━━━ DATA SECTION ━━━
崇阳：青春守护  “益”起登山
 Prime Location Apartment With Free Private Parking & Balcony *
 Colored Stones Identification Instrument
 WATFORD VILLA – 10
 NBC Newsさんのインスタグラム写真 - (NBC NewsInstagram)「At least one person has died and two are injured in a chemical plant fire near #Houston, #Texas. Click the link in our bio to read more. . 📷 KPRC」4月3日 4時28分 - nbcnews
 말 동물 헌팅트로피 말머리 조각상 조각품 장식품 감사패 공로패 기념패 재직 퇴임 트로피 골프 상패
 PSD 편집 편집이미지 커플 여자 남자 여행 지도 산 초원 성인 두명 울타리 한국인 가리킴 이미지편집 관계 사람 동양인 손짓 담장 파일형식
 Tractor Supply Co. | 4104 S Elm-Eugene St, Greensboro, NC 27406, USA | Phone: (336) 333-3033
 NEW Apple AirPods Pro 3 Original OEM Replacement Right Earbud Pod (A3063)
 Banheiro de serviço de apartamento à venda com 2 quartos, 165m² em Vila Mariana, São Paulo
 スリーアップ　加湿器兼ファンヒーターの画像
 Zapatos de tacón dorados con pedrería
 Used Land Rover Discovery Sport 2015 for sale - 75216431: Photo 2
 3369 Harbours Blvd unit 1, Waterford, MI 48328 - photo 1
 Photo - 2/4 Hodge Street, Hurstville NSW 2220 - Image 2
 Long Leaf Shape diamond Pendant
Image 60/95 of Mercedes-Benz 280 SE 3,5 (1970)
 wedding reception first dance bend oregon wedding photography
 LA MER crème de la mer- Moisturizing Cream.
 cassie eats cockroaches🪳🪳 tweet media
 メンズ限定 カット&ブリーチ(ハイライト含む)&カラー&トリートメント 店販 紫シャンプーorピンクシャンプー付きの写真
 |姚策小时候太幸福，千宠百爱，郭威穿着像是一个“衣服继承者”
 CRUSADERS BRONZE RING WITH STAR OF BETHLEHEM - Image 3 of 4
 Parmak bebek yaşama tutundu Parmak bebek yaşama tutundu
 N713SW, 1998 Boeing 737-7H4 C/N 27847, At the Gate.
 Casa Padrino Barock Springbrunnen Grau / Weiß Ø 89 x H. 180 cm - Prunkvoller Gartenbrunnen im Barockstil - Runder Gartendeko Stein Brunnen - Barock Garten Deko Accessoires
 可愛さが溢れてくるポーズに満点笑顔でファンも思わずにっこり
━━━
Show all of the lines above in which "Image" is present.

 Photo - 2/4 Hodge Street, Hurstville NSW 2220 - Image 2
Image 60/95 of Mercedes-Benz 280 SE 3,5 (1970)
 CRUSADERS BRONZE RING WITH STAR OF BETHLEHEM - Image 3 of 4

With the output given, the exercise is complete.